If this looks interesting, I encourage you to go grab a copy of the code from either github or hackage. As time permits, I have a number of improvements to make to the library. Among them are:

Moving the code to express a chromosome out of the example driver into the main library. The current location is an artifact of the early development of the code.
Finishing the cellular automata density classification example. This is a second example from the original GEP papers, and I’d like to have a working version of it to accompany the library as an example.
Parallelizing the code. Many opportunities for parallelization exist. For example, much of the time for the code is spent in the fitness evaluation stage. If the population is divided amongst the available cores, we should see a nice speedup due to the fitness evaluation problem being embarrassingly parallel.

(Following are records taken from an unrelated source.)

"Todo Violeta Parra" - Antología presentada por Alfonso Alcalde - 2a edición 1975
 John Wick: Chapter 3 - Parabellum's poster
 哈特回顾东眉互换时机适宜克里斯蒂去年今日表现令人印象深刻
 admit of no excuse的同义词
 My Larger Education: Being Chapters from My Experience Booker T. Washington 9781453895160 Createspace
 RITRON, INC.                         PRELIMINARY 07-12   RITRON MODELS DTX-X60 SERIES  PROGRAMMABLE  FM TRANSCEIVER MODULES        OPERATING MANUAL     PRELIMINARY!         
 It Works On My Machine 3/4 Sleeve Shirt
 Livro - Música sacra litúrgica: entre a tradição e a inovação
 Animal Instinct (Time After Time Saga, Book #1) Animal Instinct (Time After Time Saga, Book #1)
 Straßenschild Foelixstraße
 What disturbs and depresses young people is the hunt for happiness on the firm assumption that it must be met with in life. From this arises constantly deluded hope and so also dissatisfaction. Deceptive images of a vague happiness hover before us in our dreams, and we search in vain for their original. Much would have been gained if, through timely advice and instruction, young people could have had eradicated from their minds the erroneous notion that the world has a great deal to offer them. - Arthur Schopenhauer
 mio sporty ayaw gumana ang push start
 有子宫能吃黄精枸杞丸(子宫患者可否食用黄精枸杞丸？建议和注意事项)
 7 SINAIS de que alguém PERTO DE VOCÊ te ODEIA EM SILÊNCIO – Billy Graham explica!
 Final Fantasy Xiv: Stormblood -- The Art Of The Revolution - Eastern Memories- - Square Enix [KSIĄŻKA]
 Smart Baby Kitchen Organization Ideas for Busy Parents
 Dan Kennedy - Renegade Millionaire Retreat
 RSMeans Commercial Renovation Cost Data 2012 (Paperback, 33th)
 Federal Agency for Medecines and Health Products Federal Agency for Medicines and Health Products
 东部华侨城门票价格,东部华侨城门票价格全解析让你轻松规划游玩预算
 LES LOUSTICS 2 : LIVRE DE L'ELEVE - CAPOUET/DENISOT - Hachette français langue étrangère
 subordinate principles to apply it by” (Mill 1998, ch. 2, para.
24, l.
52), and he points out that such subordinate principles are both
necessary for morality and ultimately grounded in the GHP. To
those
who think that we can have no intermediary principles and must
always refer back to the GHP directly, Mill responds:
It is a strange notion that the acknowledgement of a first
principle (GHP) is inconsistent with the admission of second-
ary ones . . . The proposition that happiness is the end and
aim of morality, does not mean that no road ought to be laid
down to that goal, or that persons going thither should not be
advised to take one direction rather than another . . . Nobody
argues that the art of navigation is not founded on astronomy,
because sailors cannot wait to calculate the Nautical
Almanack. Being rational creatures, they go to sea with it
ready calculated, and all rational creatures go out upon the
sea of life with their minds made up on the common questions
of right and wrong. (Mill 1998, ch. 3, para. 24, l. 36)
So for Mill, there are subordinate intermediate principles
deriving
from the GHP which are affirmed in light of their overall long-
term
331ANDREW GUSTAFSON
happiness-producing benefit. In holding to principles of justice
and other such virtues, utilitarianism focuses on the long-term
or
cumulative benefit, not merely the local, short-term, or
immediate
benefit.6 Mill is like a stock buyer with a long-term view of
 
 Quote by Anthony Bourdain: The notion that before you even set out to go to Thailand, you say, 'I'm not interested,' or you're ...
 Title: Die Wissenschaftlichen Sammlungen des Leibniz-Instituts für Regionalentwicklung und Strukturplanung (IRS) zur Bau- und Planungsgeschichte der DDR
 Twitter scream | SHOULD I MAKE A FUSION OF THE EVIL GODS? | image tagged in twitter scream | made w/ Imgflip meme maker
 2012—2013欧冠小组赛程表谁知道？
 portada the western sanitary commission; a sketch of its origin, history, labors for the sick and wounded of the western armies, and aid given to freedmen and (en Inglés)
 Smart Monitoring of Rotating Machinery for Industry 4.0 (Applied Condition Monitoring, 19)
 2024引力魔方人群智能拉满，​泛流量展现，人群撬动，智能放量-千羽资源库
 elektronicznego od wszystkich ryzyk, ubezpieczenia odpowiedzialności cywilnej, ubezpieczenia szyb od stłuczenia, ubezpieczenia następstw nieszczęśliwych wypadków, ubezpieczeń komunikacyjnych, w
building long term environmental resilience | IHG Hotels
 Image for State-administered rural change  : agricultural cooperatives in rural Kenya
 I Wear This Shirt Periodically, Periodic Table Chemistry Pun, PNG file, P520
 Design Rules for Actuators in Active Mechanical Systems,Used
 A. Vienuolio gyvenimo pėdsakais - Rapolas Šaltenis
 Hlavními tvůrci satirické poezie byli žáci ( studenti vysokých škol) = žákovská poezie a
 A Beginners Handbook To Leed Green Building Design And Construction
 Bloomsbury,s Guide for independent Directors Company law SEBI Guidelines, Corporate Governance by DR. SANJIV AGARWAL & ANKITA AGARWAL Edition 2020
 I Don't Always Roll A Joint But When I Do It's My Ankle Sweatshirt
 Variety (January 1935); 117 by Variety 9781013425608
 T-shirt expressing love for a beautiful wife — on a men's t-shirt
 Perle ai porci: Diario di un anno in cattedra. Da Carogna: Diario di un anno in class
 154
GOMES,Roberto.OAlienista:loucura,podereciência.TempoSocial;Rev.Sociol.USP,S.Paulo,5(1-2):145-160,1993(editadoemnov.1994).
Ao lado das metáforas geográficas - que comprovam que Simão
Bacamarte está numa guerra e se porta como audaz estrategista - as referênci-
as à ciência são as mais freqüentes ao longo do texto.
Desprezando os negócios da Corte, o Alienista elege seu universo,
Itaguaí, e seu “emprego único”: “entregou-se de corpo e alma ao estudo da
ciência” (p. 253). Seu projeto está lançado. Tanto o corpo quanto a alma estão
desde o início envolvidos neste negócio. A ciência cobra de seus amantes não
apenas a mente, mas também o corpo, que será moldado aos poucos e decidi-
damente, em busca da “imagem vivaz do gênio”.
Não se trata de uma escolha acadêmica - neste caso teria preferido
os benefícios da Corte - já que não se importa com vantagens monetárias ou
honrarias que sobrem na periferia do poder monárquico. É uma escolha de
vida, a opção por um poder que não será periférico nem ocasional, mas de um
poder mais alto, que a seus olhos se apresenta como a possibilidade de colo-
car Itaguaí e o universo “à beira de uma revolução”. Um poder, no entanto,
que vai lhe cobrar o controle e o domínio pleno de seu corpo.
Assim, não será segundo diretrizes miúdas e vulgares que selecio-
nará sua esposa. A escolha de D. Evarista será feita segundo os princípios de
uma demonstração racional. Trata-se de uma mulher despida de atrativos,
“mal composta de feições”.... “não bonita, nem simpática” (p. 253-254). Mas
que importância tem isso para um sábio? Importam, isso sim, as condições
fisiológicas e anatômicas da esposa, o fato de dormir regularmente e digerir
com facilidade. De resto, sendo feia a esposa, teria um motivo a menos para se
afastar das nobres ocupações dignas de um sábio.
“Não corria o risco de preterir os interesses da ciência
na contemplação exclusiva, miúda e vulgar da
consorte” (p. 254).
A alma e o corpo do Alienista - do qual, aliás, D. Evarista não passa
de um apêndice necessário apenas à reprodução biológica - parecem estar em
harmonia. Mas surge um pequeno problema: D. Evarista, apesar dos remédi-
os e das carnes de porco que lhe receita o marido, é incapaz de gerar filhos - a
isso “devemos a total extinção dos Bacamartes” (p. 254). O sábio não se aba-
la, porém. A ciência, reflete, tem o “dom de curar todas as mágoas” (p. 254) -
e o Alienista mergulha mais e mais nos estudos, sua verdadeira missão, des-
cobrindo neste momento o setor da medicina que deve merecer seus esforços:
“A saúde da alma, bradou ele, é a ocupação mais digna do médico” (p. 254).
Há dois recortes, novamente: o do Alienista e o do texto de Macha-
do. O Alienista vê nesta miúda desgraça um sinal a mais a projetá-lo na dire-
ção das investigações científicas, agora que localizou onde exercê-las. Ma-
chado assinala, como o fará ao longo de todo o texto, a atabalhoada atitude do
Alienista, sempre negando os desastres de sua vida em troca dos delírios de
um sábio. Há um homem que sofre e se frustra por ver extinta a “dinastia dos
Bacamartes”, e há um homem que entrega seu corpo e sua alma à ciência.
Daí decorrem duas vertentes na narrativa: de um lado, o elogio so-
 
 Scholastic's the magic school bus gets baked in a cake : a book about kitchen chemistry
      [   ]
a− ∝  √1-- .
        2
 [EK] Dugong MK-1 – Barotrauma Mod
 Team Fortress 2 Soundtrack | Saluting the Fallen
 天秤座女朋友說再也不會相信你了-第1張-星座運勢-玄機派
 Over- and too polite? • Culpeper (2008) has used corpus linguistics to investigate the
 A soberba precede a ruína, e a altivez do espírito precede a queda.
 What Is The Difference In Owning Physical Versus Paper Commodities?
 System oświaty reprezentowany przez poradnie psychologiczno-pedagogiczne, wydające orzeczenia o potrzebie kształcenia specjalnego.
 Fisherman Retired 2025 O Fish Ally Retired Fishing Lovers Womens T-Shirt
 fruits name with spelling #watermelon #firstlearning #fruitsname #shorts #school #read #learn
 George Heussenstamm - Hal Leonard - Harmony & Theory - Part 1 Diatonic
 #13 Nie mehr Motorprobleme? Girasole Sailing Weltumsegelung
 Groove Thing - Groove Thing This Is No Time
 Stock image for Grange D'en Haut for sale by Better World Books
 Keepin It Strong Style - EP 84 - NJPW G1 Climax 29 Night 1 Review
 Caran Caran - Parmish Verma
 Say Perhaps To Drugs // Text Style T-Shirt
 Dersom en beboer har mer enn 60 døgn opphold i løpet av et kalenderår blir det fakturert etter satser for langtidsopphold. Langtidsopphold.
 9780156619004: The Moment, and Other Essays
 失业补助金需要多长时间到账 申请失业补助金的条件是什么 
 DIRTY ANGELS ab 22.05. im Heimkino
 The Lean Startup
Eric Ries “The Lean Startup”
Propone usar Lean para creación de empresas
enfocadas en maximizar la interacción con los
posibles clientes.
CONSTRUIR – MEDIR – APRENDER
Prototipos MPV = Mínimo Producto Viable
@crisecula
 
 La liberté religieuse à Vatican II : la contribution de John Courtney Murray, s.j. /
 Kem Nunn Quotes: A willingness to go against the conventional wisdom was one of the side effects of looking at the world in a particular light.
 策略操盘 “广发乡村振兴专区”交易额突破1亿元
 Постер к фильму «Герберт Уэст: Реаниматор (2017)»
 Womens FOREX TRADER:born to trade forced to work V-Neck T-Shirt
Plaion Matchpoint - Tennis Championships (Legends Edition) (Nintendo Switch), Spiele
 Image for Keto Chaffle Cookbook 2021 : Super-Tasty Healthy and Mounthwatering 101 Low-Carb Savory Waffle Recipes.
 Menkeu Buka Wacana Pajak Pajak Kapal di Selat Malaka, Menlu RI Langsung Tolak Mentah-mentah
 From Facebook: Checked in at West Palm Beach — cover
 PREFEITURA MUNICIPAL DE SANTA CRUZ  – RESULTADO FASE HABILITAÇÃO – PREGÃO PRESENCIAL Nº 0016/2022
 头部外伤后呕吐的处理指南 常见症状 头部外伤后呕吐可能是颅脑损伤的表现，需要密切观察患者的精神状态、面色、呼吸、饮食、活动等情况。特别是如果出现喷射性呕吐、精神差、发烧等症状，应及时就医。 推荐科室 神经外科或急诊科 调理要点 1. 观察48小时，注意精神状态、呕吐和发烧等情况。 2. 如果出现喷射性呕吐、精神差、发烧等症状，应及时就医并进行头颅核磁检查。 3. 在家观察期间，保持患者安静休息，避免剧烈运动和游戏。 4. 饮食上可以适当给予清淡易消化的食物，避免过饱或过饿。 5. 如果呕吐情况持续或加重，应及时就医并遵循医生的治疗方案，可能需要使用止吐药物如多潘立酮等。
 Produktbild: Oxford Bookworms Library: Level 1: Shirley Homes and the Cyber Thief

Tutorial for writing programs that use the library. Currently, one needs to infer how to do this by examining the regression or CAdensity examples. This really should be well documented.
Adding plotting capabilities. The plots shown above for the fitness were performed using Mathematica. I’d like to use one of the plotting packages available on Hackage to accomplish this.
Moving arity information out to the parameter file.
Using a cleaner argument processing and parameter file reading capability.

Anyways, enjoy the library. Hopefully someone finds it useful or interesting. Keep an eye on the github page (or send me an e-mail) if you are interested in keeping up on the continuing development of the code.